Lavoie acknowledged Ovechkin isn’t solely responsible for the Capitals playoff woes. However, if things aren’t working, perhaps a change is in order.
SPECTOR’S NOTE: Bear in mind that Lavoie isn’t saying Ovechkin will be dealt. He’s merely suggesting the Caps should consider that prospect. Could Ovechkin be traded? As the old saying goes, if Wayne Gretzky can get traded, anyone can. But there’s significant factors working against such a move.
First and foremost, it needs the blessing of Capitals owner Ted Leonsis, who has a good relationship with Ovechkin and could be unwilling to move his franchise player. If he’s against it, the deal won’t happen unless Ovechkin requests a trade.
Ovechkin’s contract is a significant stumbling block. He’s got four years remaining on his deal at an annual cap hit of over $9.5 million ($10 million annually in actual salary) with a 10-team no-trade clause. With the cap ceiling not expected to significantly rise for next season, good luck finding a team on Ovechkin’s list of acceptable trade destinations willing to take on that cap hit.
Third, the potential return. Swinging a deal that benefits both teams is a difficult task. The Capitals will seek a significant return that could potentially gut the roster of their trading partner.
Add those factors up and it’s unlikely we’ll see a blockbuster deal this summer involving Alex Ovechkin.
THE HOCKEY NEWS’ Ryan Kennedy reports the Boston Bruins are entertaining offers for restricted free agent forward Ryan Spooner. “I’ve heard New Jersey, Vancouver and Vegas as potential destinations,” said Kennedy.

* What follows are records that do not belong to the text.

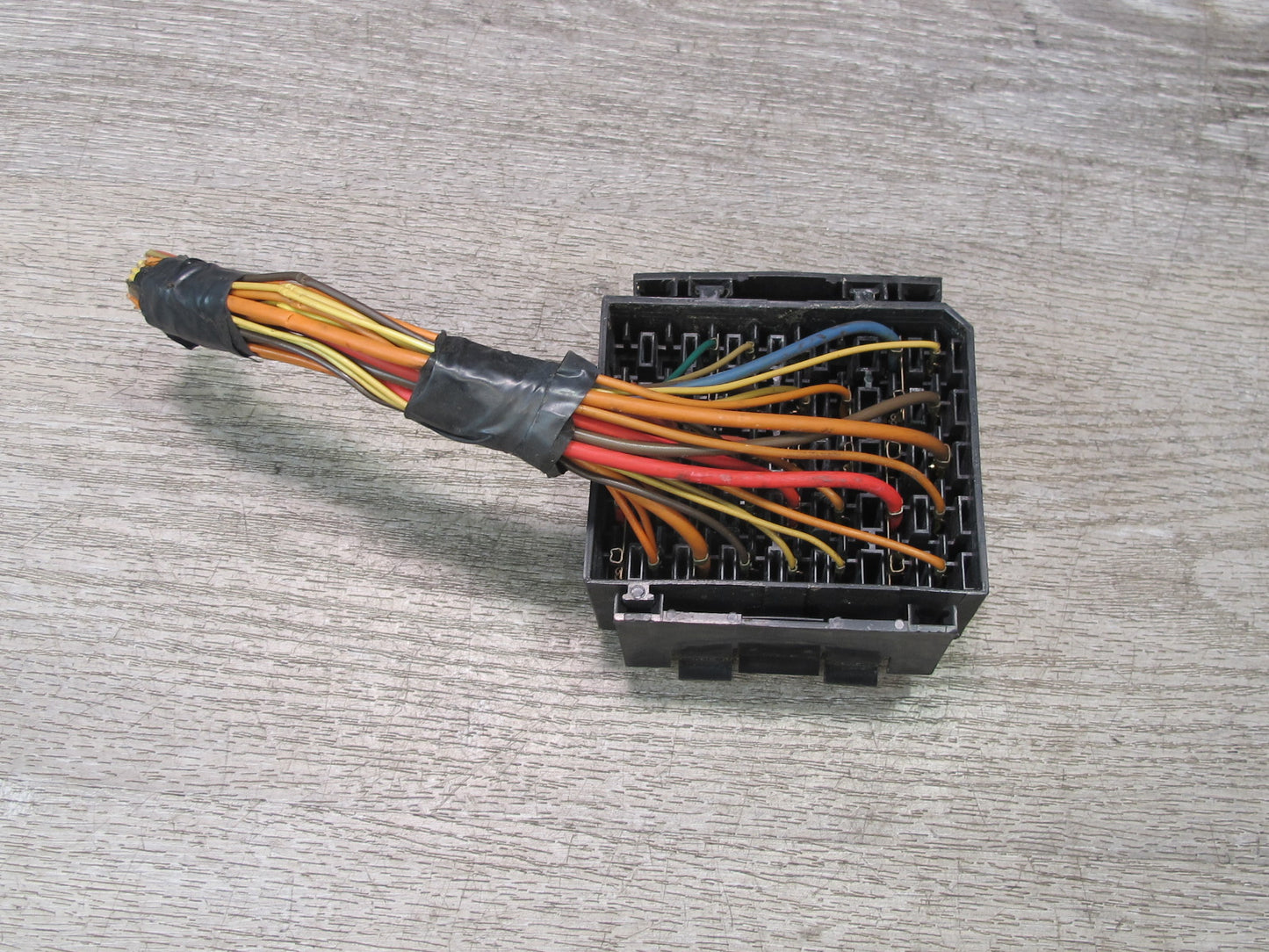 99-02 Pontiac Firebird Under Dash Fuse Relay Box Module Unit OEM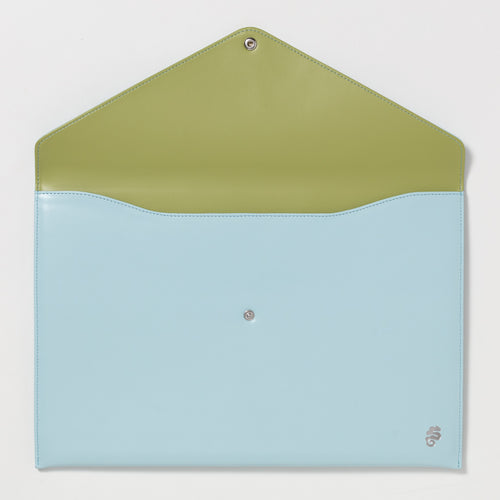 con Laptop 16" Baby Blue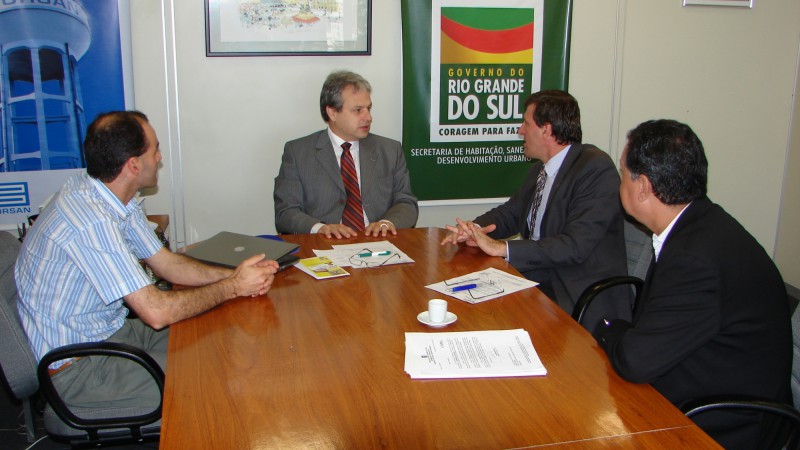 A prefeitura de Tapejara solicitou hoje pela manhã ao Governo do Estado, por intermédio da Secretaria de Habitação, Saneamento e Desenvolvimento Urbano, a contrapartida para a construção de 50 casas nos bairros de São Cristovão, São Paulo e Treze de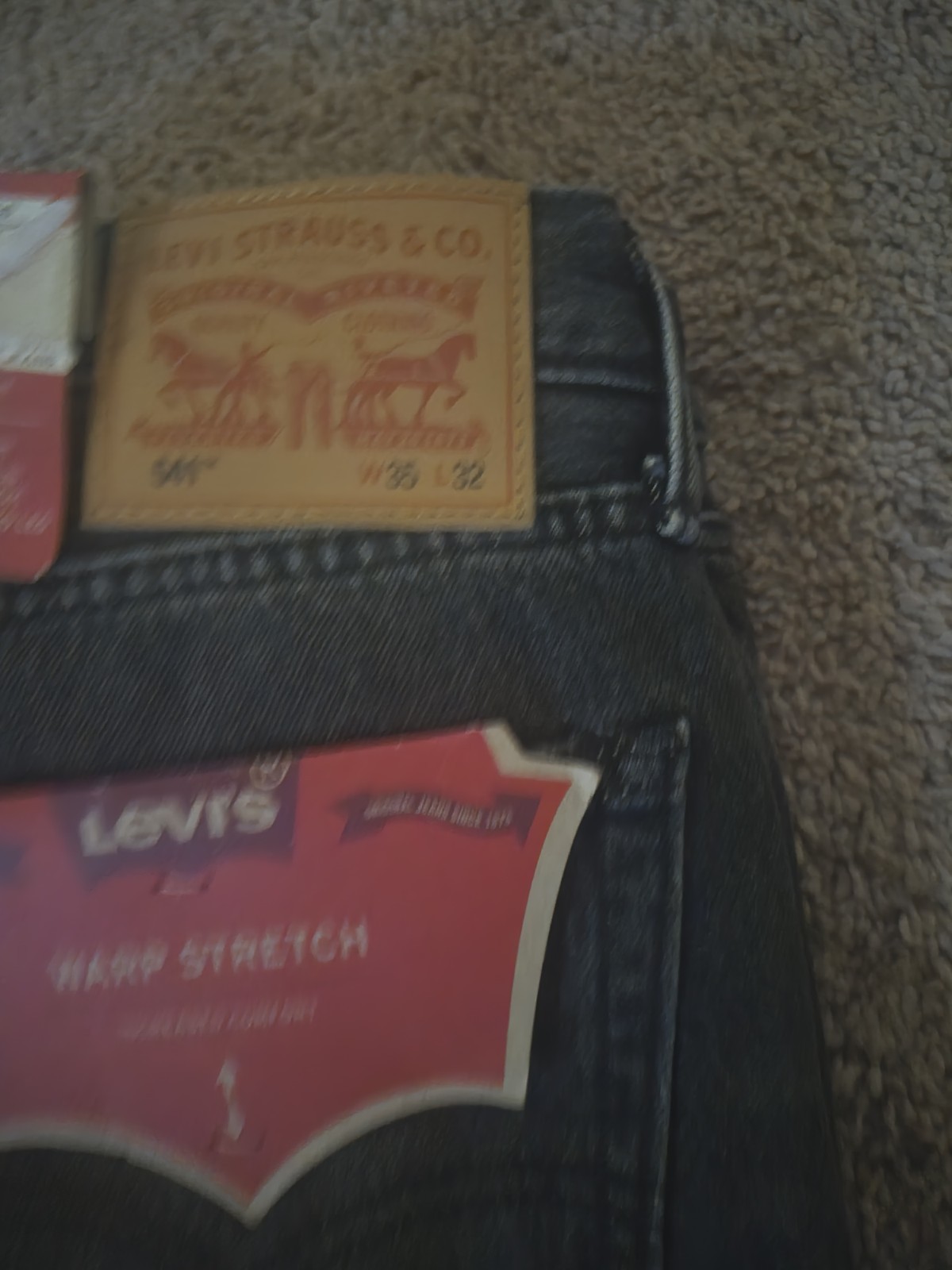 Levi’s Warp Stretch Black Denim Jeans Athletic Fit Tapered Mid Rise 5-Pocket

CSNNE.COM: Joe Haggerty speculates the Bruins will look outside their organization for a left-side defenseman to skate alongside promising blueliner Charlie McAvoy. However, they’ll face competition from clubs such as the Tampa Bay Lightning seeking a similar defenseman. While Spooner could have some trade value it won’t trump what the Lightning could offer, especially if they’re willing to part with left wing Jonathan Drouin.
SPECTOR’S NOTE: If the Bruins hope to use Spooner to acquire a decent defenseman they might have to include a draft pick or prospect as a sweetener. Spooner will still have some value but clubs will now look at him as a reclamation project. Perhaps the Bruins can target teams that risk losing a defenseman in the expansion draft or those in need of shedding salary this summer.

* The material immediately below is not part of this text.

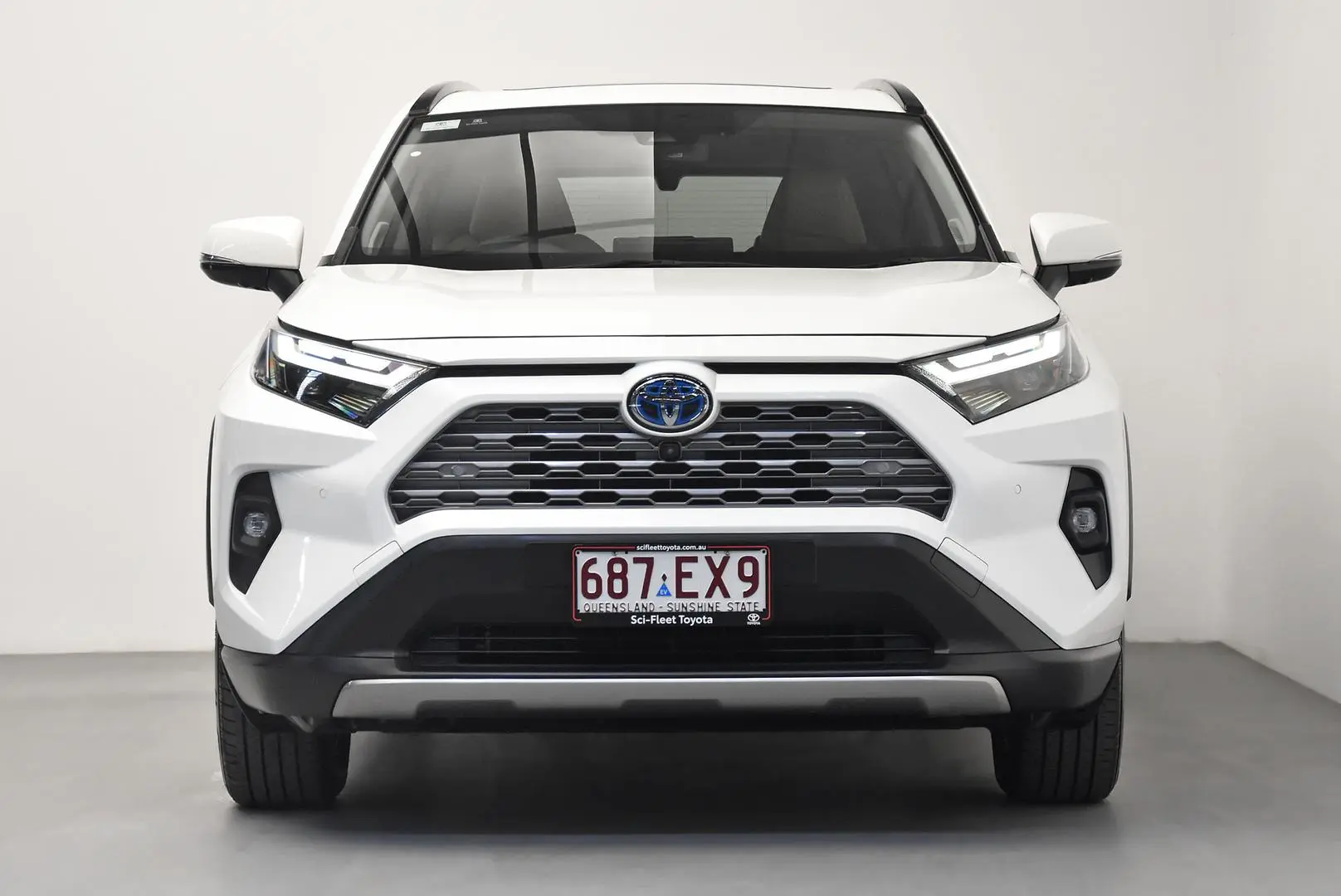 2022 Toyota RAV4 Gallery Image 2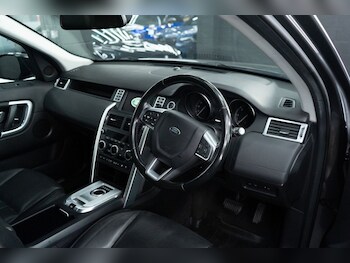 Used Land Rover Discovery Sport 2017 for sale - 78458630: Photo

THE NEWS & OBSERVER: Luke DeCock believes Carolina Hurricanes general manager Ron Francis is entering a critical summer in his rebuild of the club. Francis has yet to swing a major trade for an elite player. His club needs a center who can play on one of the top two lines, a scoring winger and a third-pairing defenseman or two.
The Hurricanes are well-stocked with draft picks and entering a summer where teams face salary-cap pressure and the risk of losing good player to the Vegas Golden Knights in the expansion draft. There could be no better time for Francis to use his depth in trade bait to land impact players.
SPECTOR’S NOTE: Francis appears to have started that process, having shipped a third-round pick that belonged to the Ottawa Senators to the Chicago Blackhawks for pending unrestricted free agent goalie Scott Darling. With $41 million invested in 14 players, the Hurricanes have plenty of cap space, though their internal cap ceiling may be lower than the league’s. Still, they have the cap room and the depth in picks and prospects to make at least one significant move this summer.